The FCC plans to rip up local TV station ownership rules
But does it even have the authority to do so?
The FCC has today announced plans to hold a vote which, if successful, will dramatically shift the balance of power in the US TV market. On August 6, commissioners will hold a ballot to repeal Section 303 of the Communications Act, and with it the 39 percent rule. In essence, the rule limits the reach of a local TV network to no more than 39 percent of the US' total audience market. In its place, the FCC would move to a system whereby it would personally approve or reject TV ownership deals on a case-by-case basis. Which, I'm sure, would not expose the process to any sort of partisan influences or subversion given Carr has already threatened to revoke broadcast licenses if they air material critical of the government.

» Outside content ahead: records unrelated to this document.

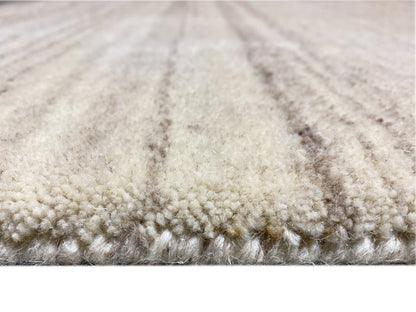Teppichunterkante im Detail: weiche Florstruktur mit beigen und grauen Fleck-Übergängen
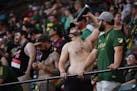 Fans try and stay cool amid sweltering, historically high temperatures in Portland before kickoff. The Portland Timbers play Minnesota United FC on Sa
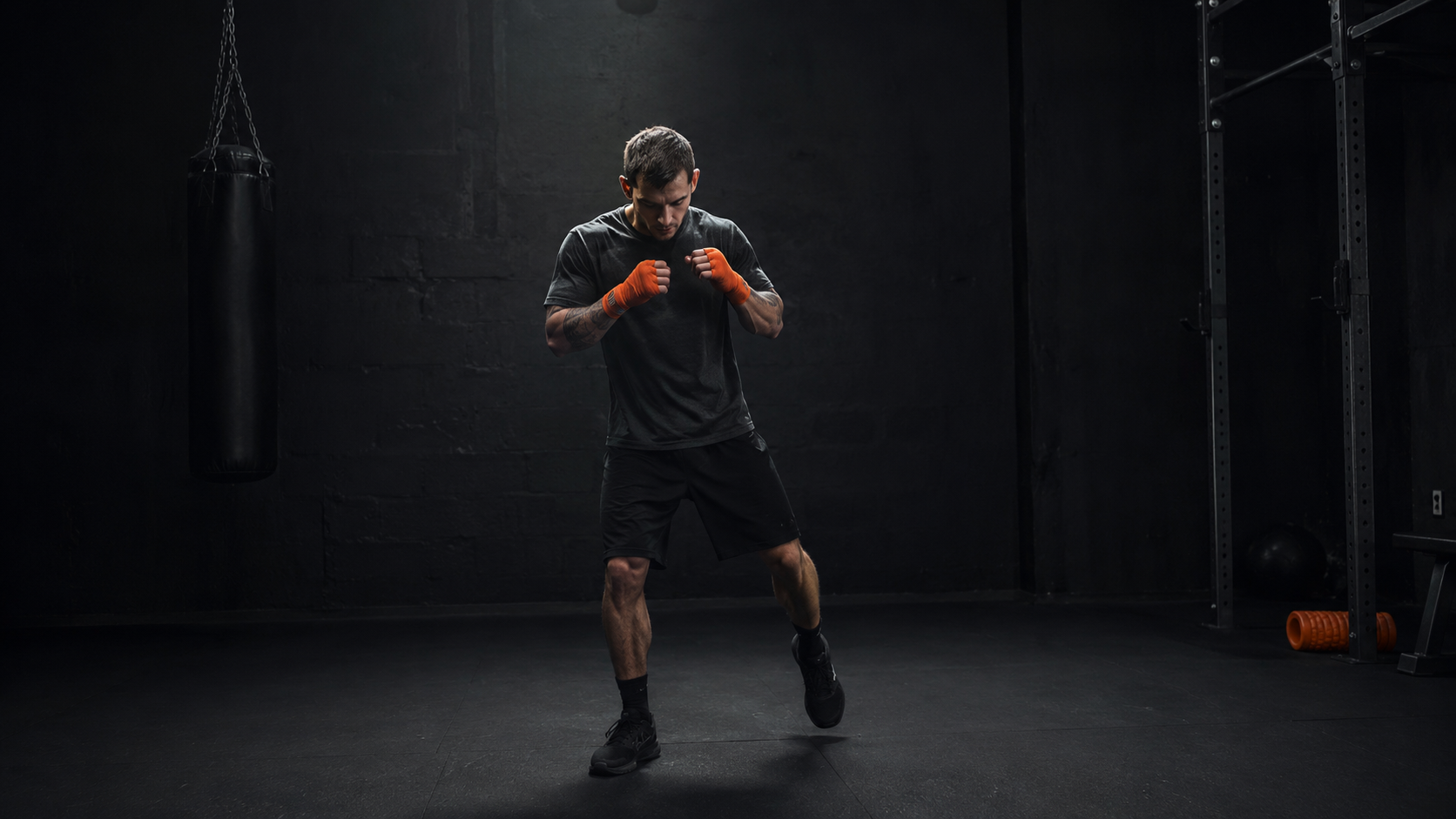 Athlete warming up in dark gym, attentive early-session movement, diagnostic moment before training begins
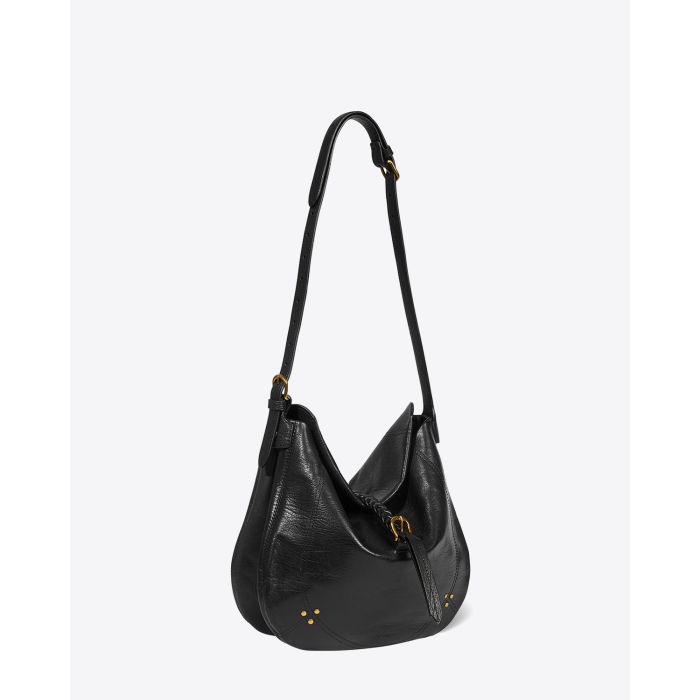 Sac besace en cuir grainé noir Luis Jérôme Dreyfuss. Profil. Porté épaule ou croisé bandoulière longue. 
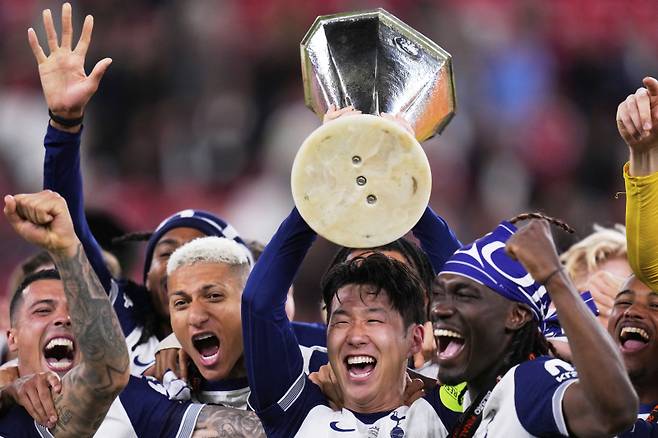 <yonhap photo-2825=""> Tottenham's Son Heung-min holds the trophy aloft as he celebrates with teammates after winning the Europa League final soccer match against Manchester United at the San Mames Stadium in Bilbao, Spain, Wednesday, May 21, 2025. (AP Photo/Manu Fernandez)/2025-05-22 06:30:25/ <저작권자 ⓒ 1980-2025 ㈜연합뉴스. 무단 전재 재배포 금지, AI 학습 및 활용 금지></yonhap>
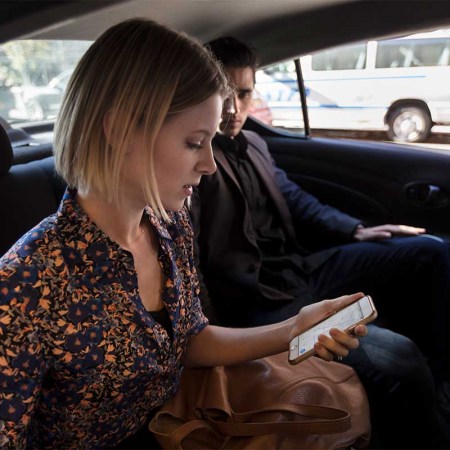 Man and woman sitting in car looking at phone. Uber has announced video ads are coming to its apps and even on tablets in its cars.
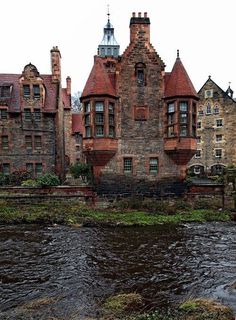 an old brick building sitting next to a river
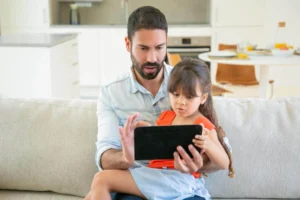 Un homme barbu et une fille assis sur un canapé regardent une tablette, face à une cuisine lumineuse en arrière-plan.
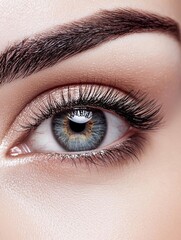 Fototapeta premium Close-up of a person's eye. the eye is blue and the iris is a light brown color. the eyelashes are long and full, and they are a darker shade of brown.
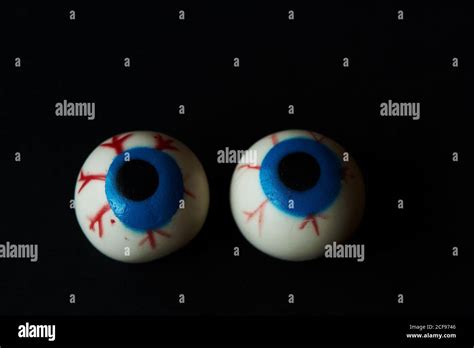 Two Hallloween Scary Eyeballs On Black Background Stock Photo Alamy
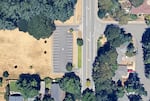 An overhead view of the parking lot just north of the home where Harriet Thompson was killed in March 1998. Former newspaper carrier Janelle Tomason told OPB she was in this parking lot when she saw a white man running north along 12th Street southeast around the time of the murder.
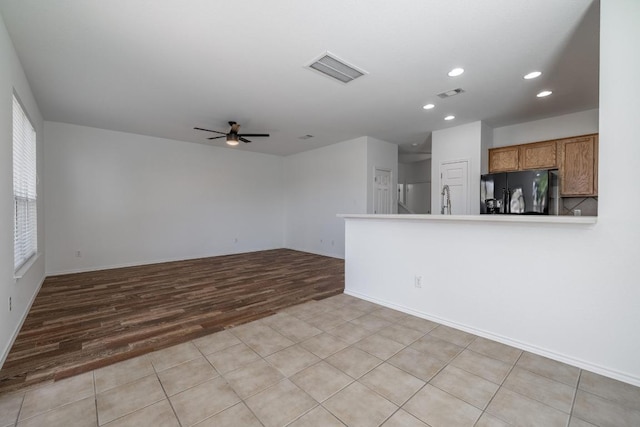 101 Verde Ranch Loop, Leander, TX 78641 - unfurnished living room with light wood-style floors, ceiling fan, recessed lighting, a sink, and baseboards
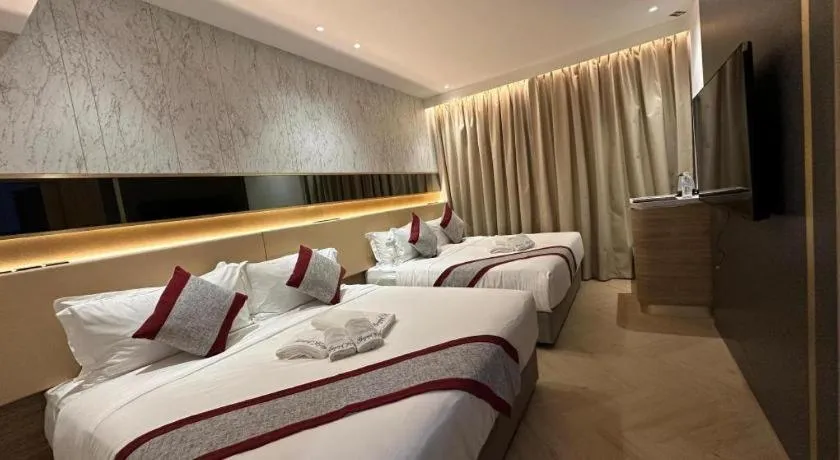 Bed in Grand City Hotel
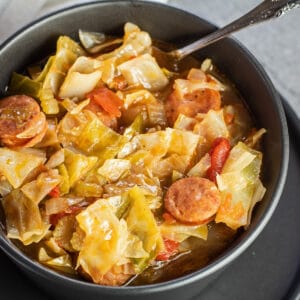 Square image of Cajun cabbage stew in a black bowl.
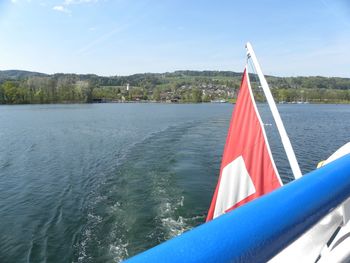 Sailboat in lake against blue sky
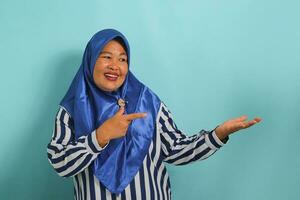 mittleren Alters asiatisch Frau im Blau Hijab und gestreift Hemd zeigen zu ihr öffnen Palme. Stehen gegen ein Blau Hintergrund. foto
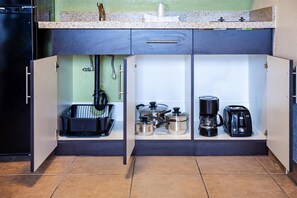 Full-size fridge, microwave, stovetop, coffee/tea maker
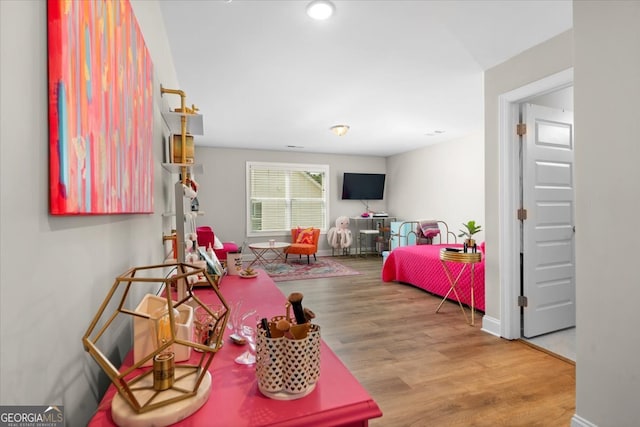 game room featuring hardwood / wood-style floors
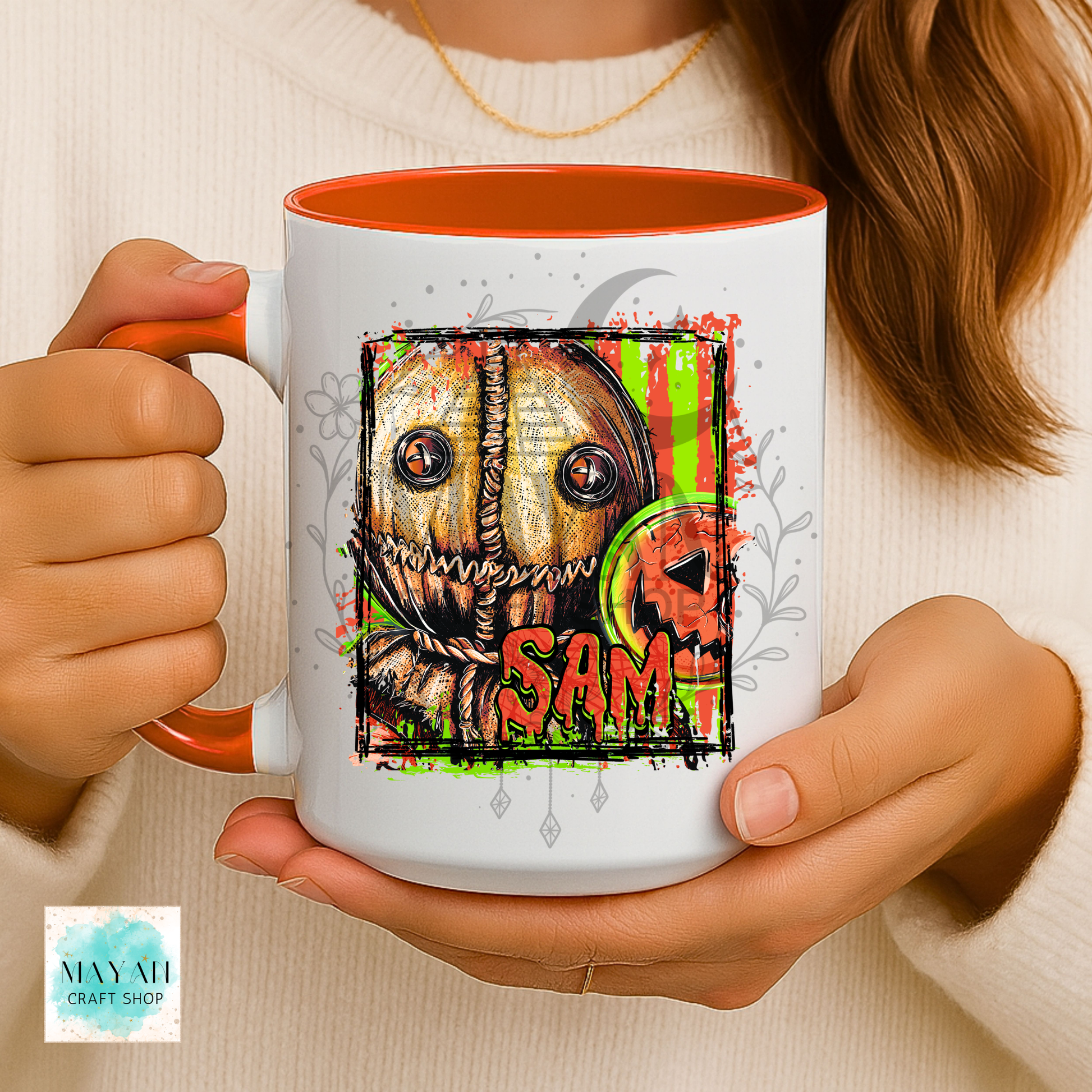 A person holds a white ceramic mug with orange interior and handle, featuring a horror-style illustrated face with a name in orange text and green splatter accents. The person wears a cream knit sweater.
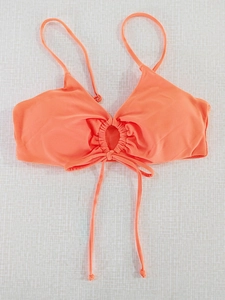 Detail of coral orange bikini top with center ring, ruching and long adjustable ties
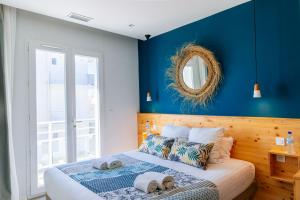 a bedroom with blue walls and a bed with towels on it at Hôtel Café Miramar in Le Grau-du-Roi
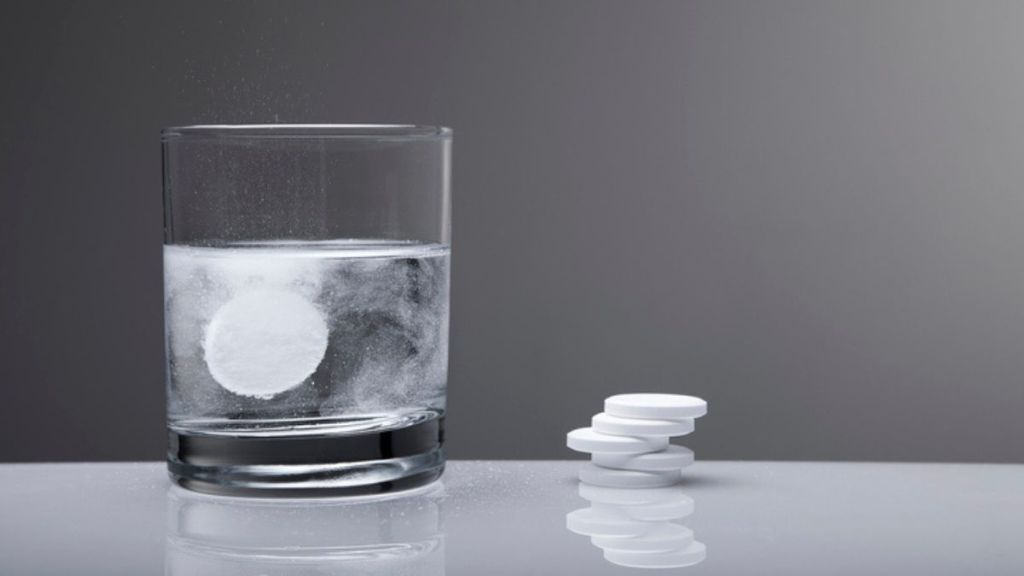 overnight cleaning hacks: denture tablet fizzing in glass of water next to stack of tablets 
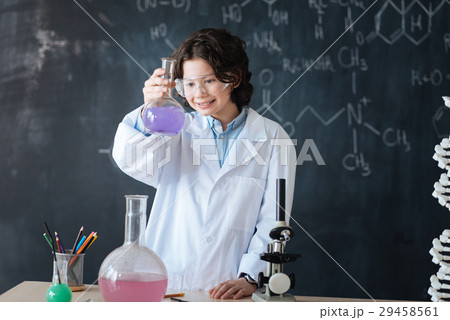 Positive little scientist enjoying chemistry 29458561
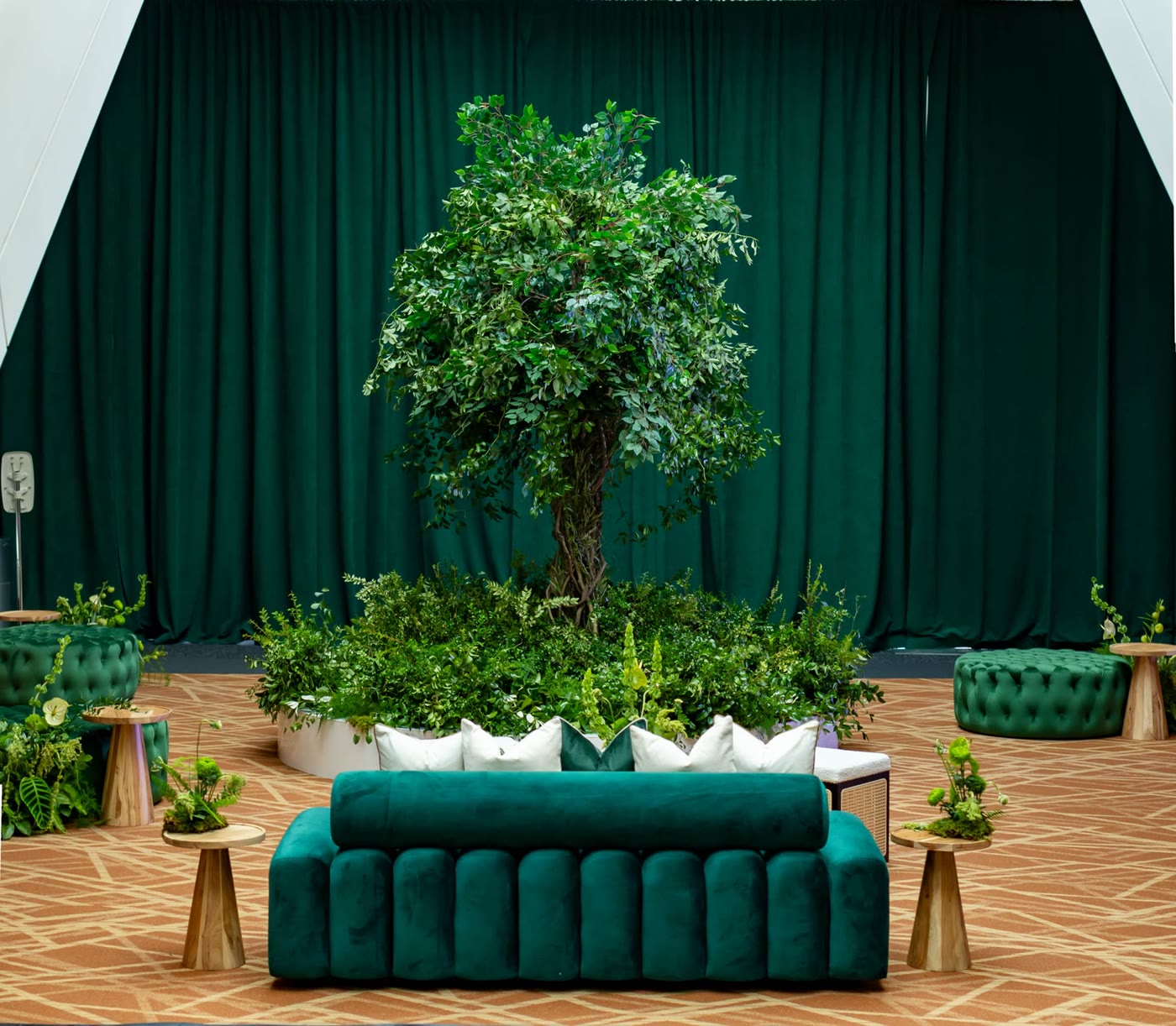 A full tree installation ringed in greenery under emerald drapes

It's not clear if the FCC even has the authority to reject Section 303 without the explicit consent of the legislature. As Lawrence J. Spiwak wrote in the Yale Journal on Regulation back in January, Section 10 of the Communications Act expressly forbids the FCC from bending the rules around Section 303. That said, it's not likely officials on the hill will go against the FCC given the clear benefits such media consolidation would hold. This is especially relevant given the resumption of talks which would see Sinclair Broadcast Group acquire The EW Scripps Company. A similar deal, between Sinclair and Tribune, would have seen the Republican Party-affiliated Sinclair control broadcast stations for more than 70 percent of US homes. It was rejected in 2018.